In Kate Anderson Brower’s forthcoming book, Team of Five: The Presidents Club in the Age of Trump (HarperCollins), Trump shows no empathy for those who served before him. He claims he has been “treated worse” than Lincoln, who had ­brutal press coverage and was assassinated. The book shows Trump is not only ignorant and ­incompetent but also plagued by a toxic mix of insecurity, vanity and braggartism.

Trump’s admirers make excuses for his disastrous presidency. They are the same people who admire Eisenhower and Reagan or John Howard and Scott Morrison. Trump’s critics, they say, have “Trump derangement syndrome”. But it is demented to suggest these presidents and prime ministers resemble Trump’s leadership approach. Morrison’s response to COVID-19 was timely and informed by expert advice. He has been cautious, reassuring and consistent in his communication.

The US has often been blessed with leadership that has inspired people around the world. No other country has assembled a greater array of political leaders over 2½ centuries. None of them was perfect. But the greatness in America can be seen in presidents such as George Washington, Lincoln and Franklin Roosevelt. They had integrity, authority and credibility. They knew how to lead and the rest of the world looked to the US. But not any more.

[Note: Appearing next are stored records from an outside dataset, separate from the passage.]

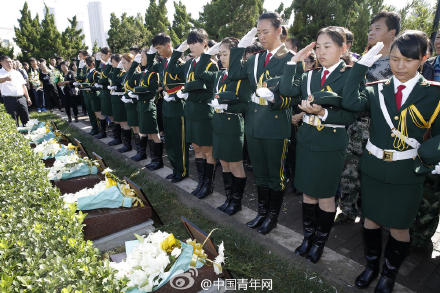 安葬仪式现场。
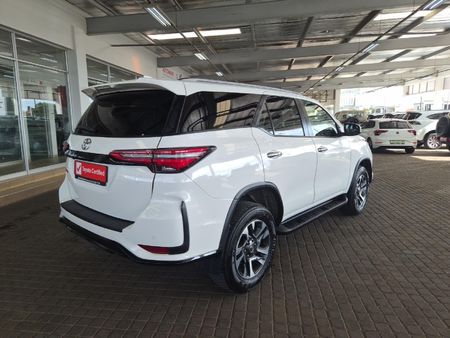 2023-Toyota-Fortuner-24-GD-6-RB-Auto_1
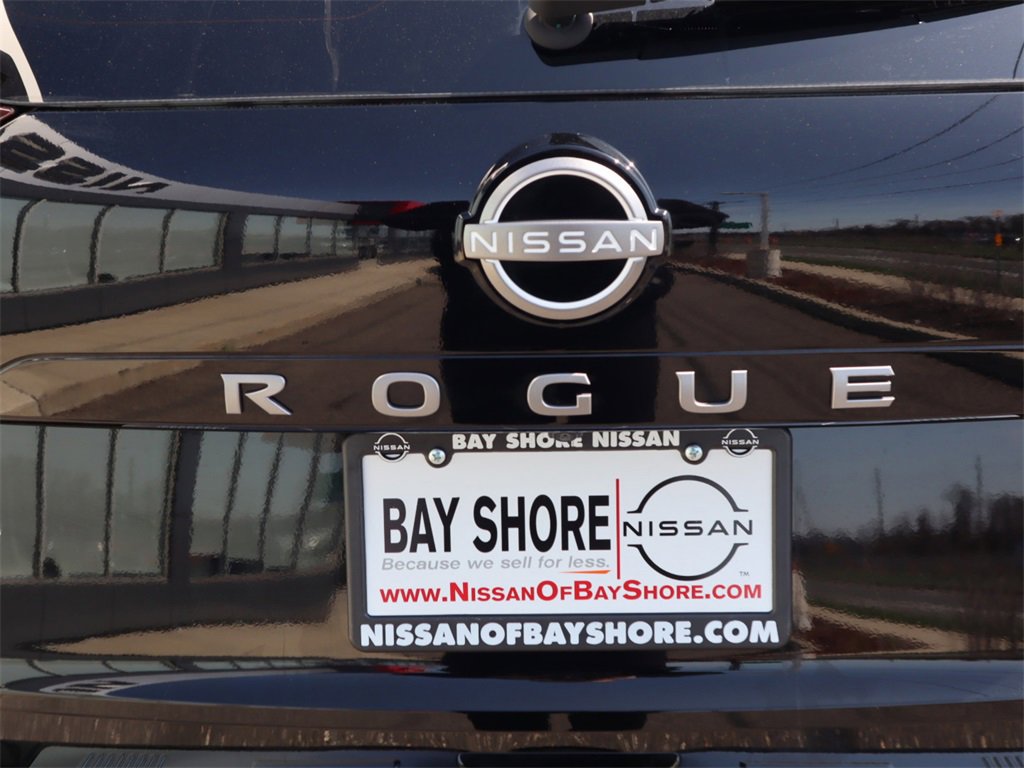 Certified 2025 Nissan Rogue SV w/ SV Premium Package image 35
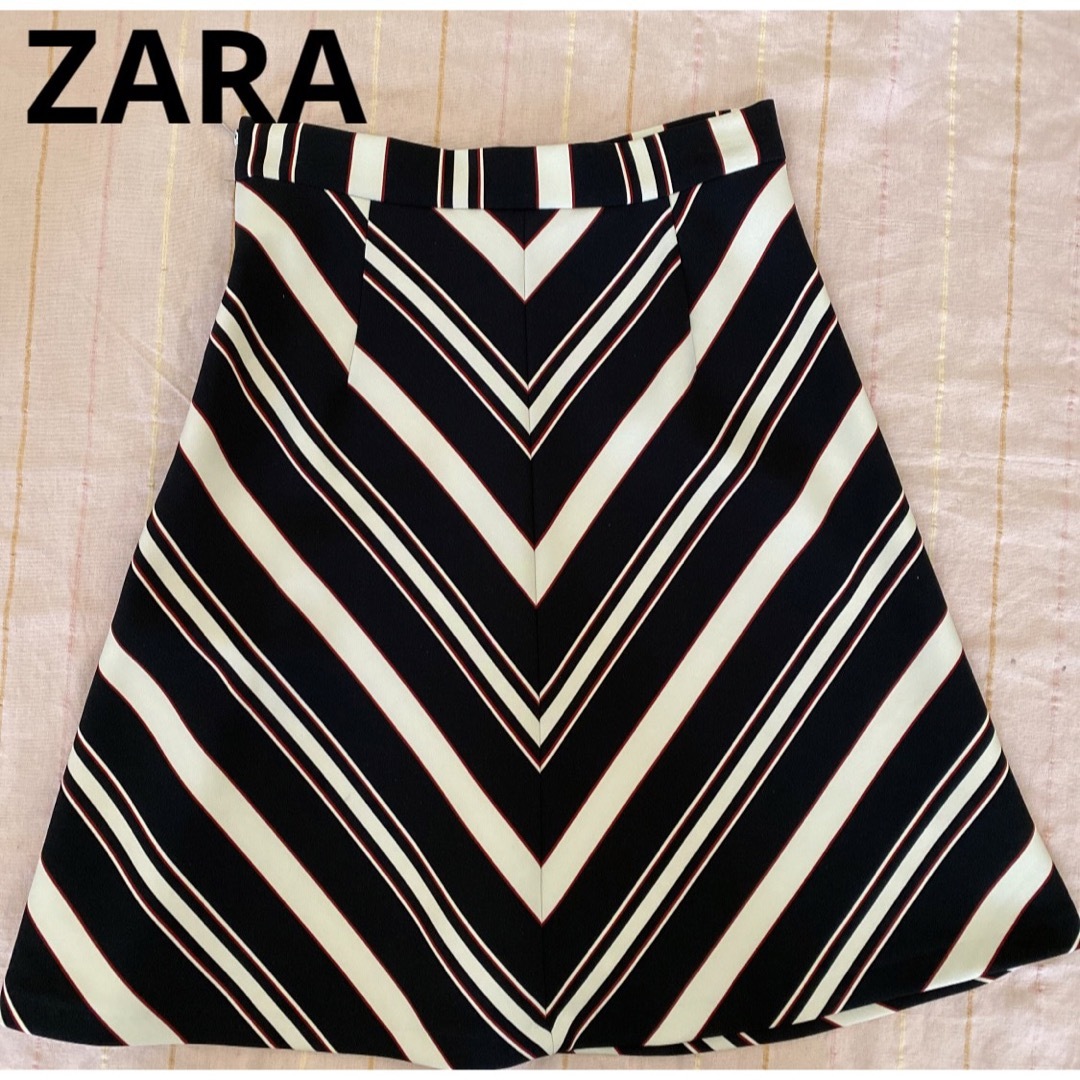 ZARA(ザラ)のZARA  ストライプ スカート　　XSサイズ レディースのスカート(ひざ丈スカート)の商品写真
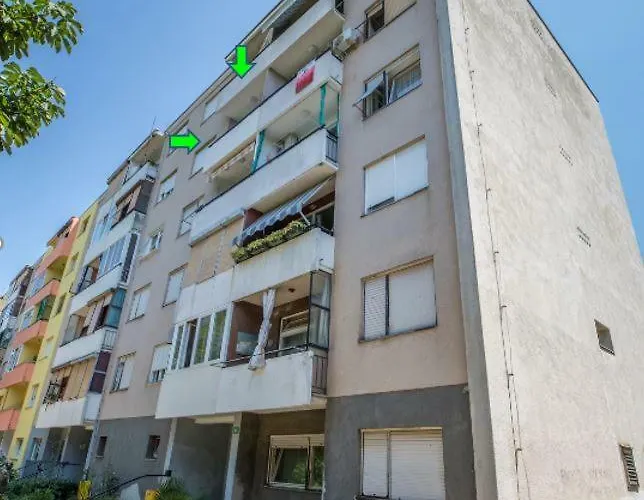 Sole 아파트 풀라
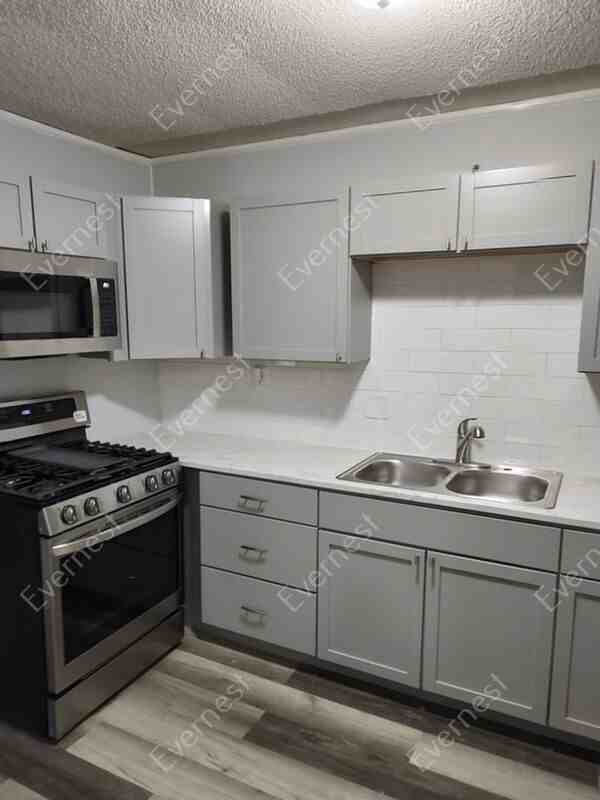 1118 N Main St - Photo 3 of 27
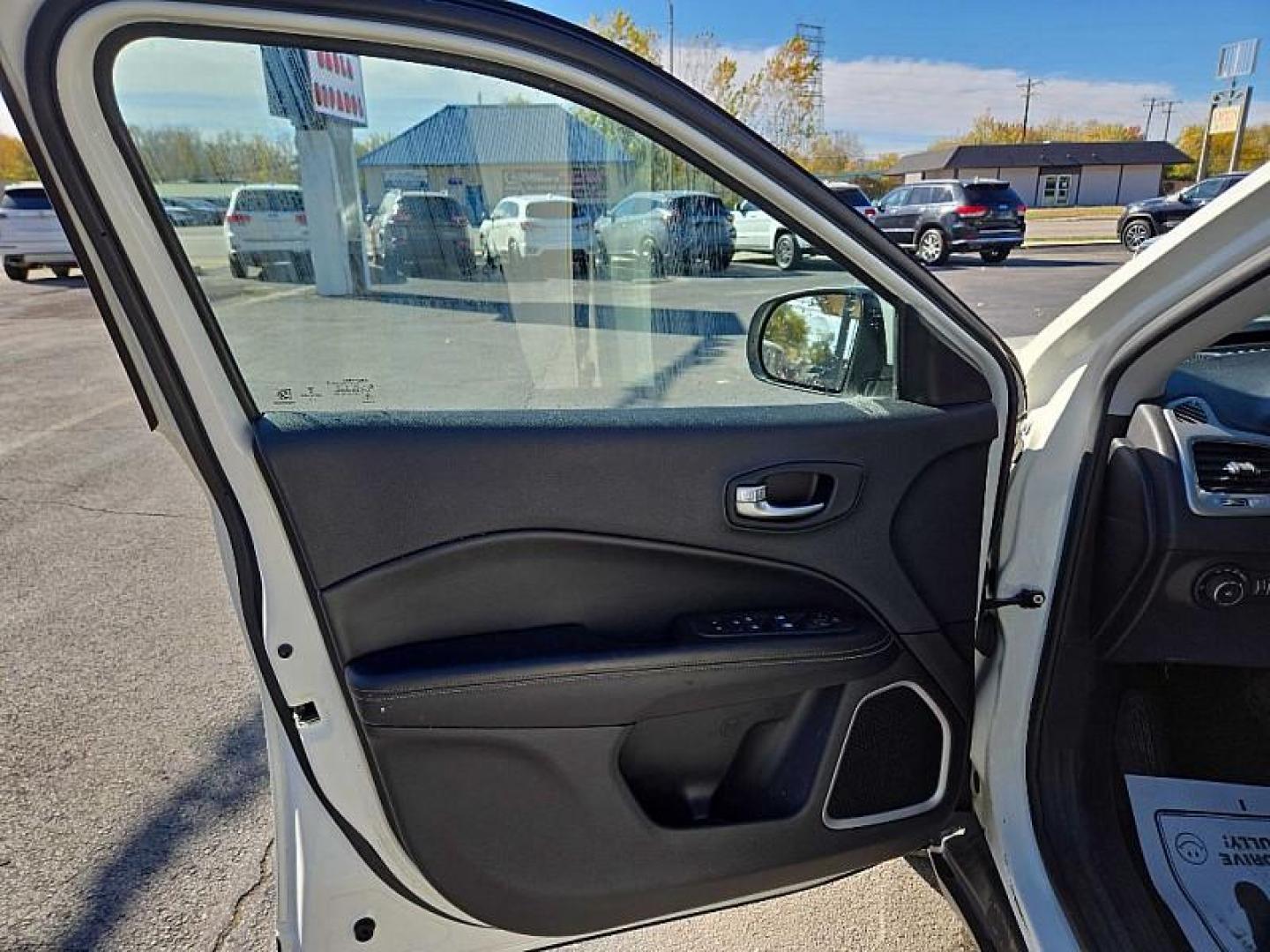 2018 WHITE /BLACK Jeep Compass Sport 4WD (3C4NJDBB0JT) with an 2.4L L4 DOHC 16V engine, Automatic 9-Spd transmission, located at 3304 Woodville Road, Northwood, OH, 43619, (419) 210-8019, 41.612694, -83.480743 - Photo#8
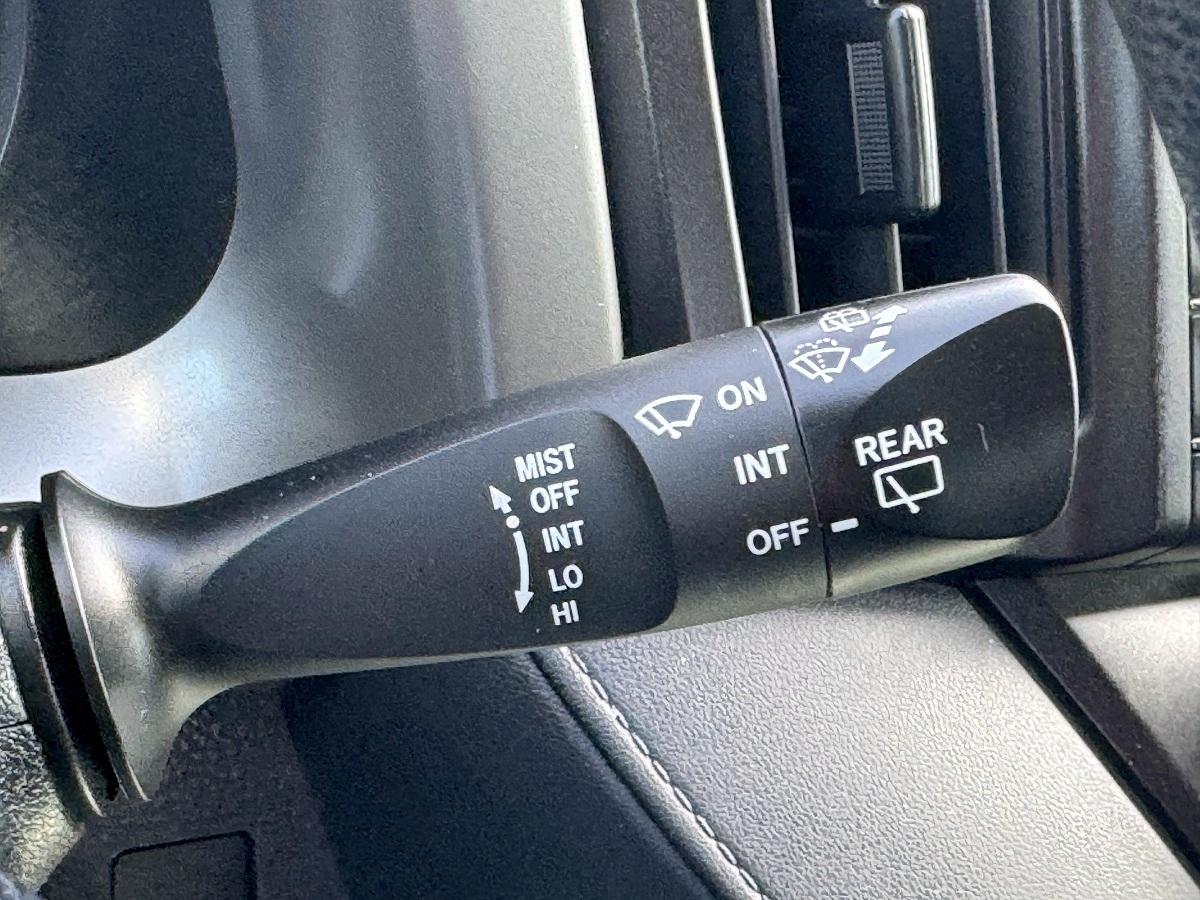 Toyota RAV4 LE FWD (Natl) 2018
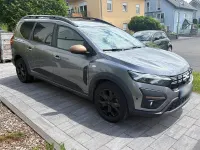 Gebraucht Dacia Jogger Extreme 91 PS (66 kW) 2025 Grau Van / Kleinbus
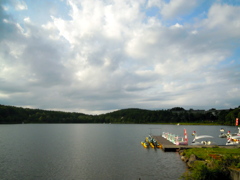 空、山、湖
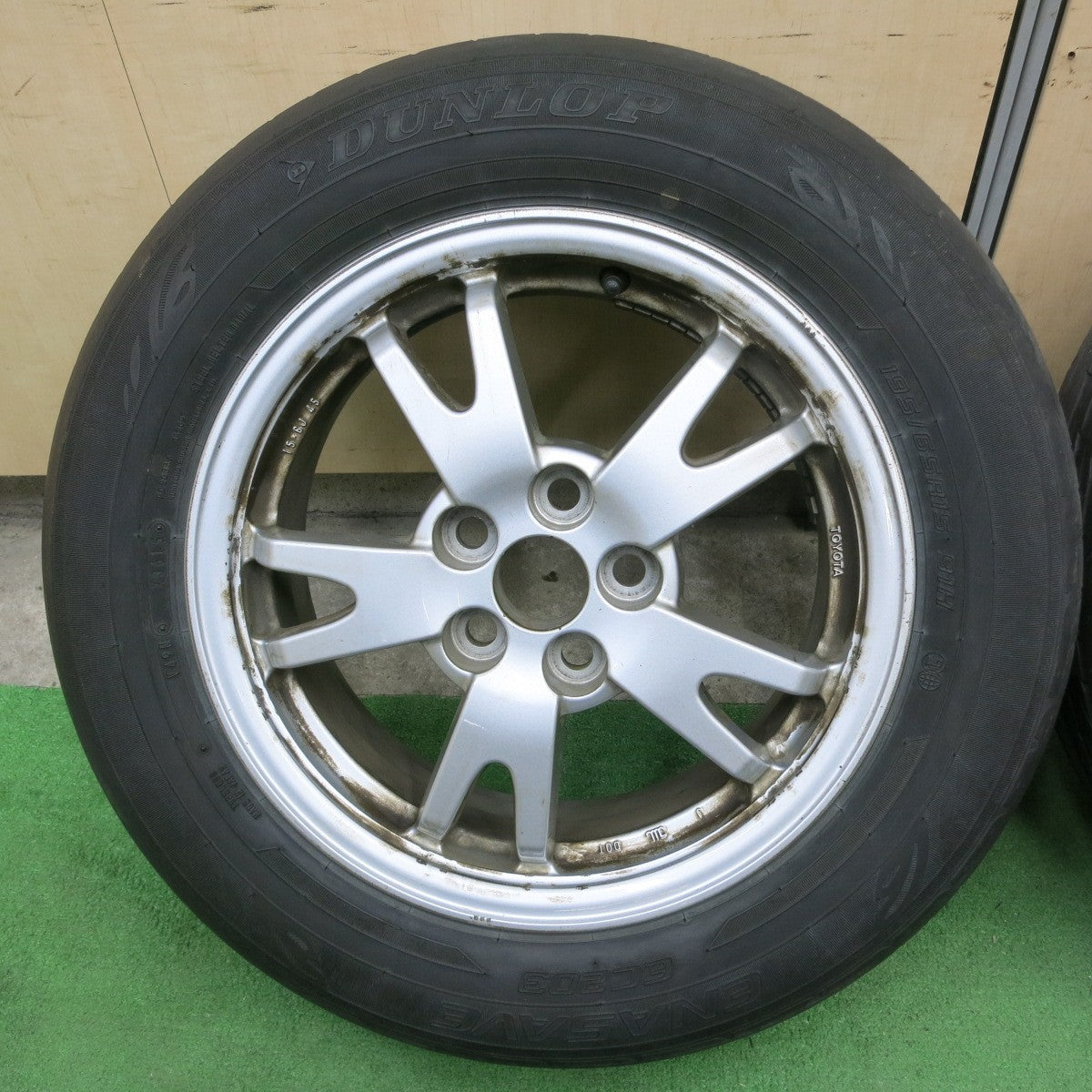 4本価格★トヨタ 30系 プリウス 純正 195/65R15 ダンロップ エナセーブ EC203 15インチ PCD100/5H★5051202ナノ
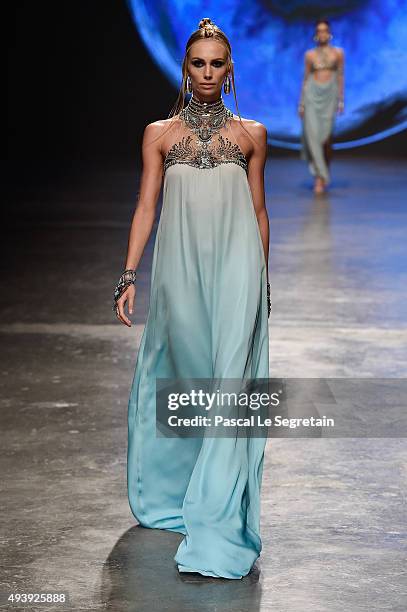 Model walks the runway at the Dany Tabet show during Dubai Fashion Forward Spring/Summer 2016 at Madinat Jumeirah on October 23, 2015 in Dubai,...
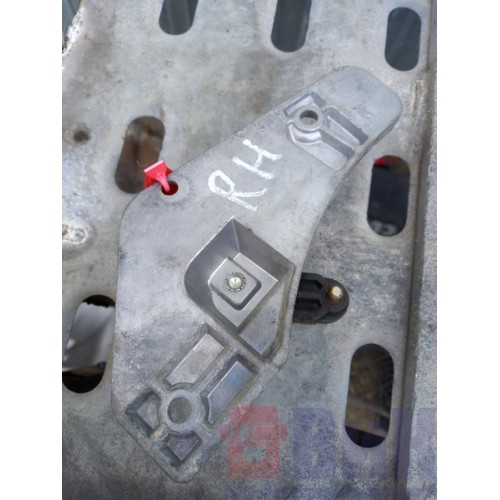 Ручка открывания двери DAF 105 внутренняя RH (585)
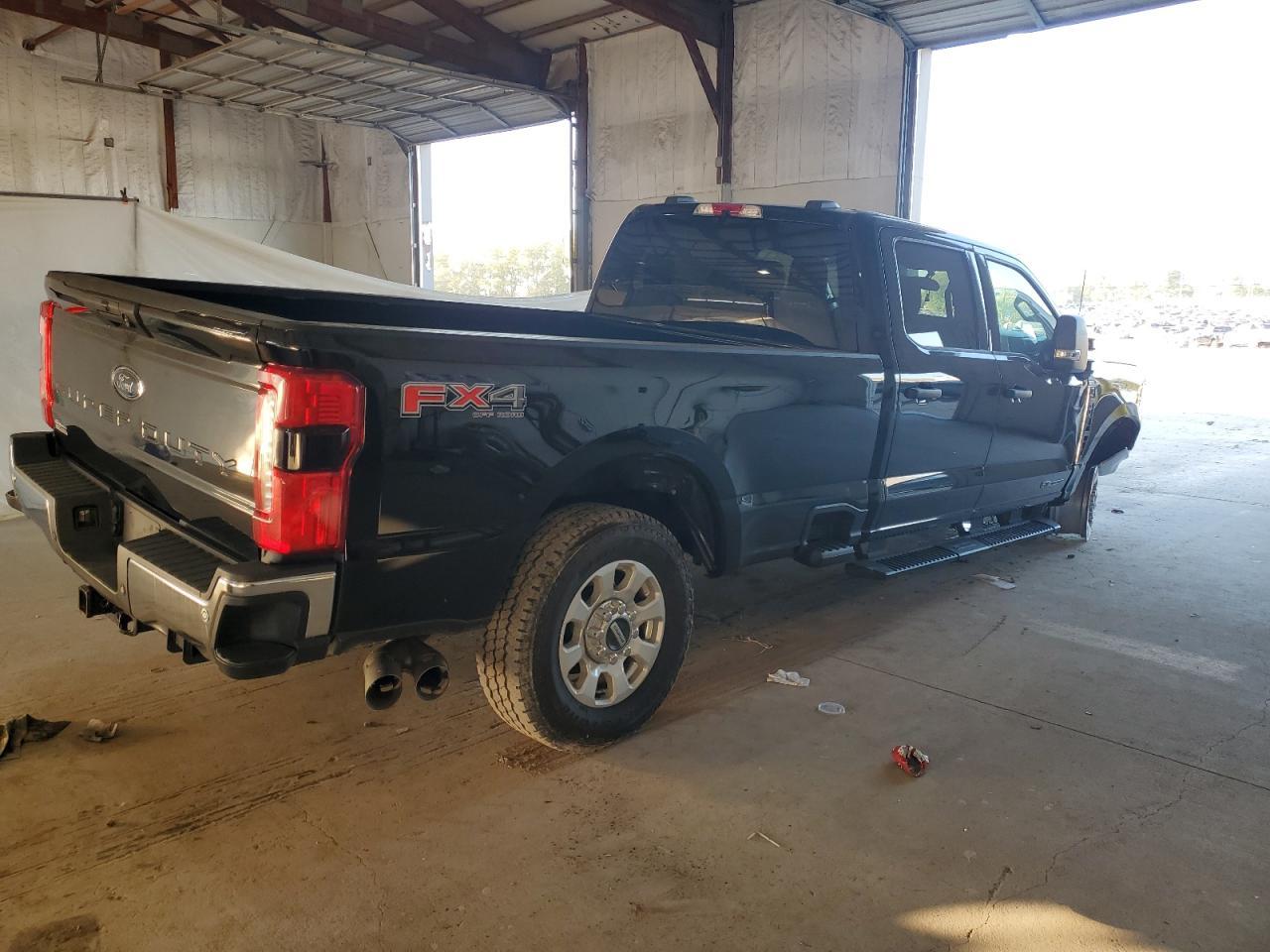 2023 Ford F250 Super Duty - Фото 3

And what you see above are mostly his words since for anyone with common sense and an understanding of the world in which we live, just quoting back his own words with all his tears and the stamping of his fee, is all one needs to discredit his empty and shallow ranting. I will finish with the first of the comments on his article listed as “Most liked”.

Troy, perhaps you could spend a little more of your rant on the endless persecution Trump has suffered right from initial campaigns to spy on his campaign by the Obama administration which used the entire force and might of the presidency, FBI, CIA, media and the Washington swamp to destroy him and get their darling, Hillary, her rightful place. I bet you’re disappointed General Flynn’s charges have been dropped and that devastating charges will follow for many in the highest levels of Obama’s swamp. Give us an article on Flynn please. What he’s suffered would have destroyed lesser men. He’s entitled to his eccentricities after that. He’s exactly what his nation needs, not in any cookie cutter mould but a disrupter who has saved the US from Hillary and the swamp. I’m with him, not you.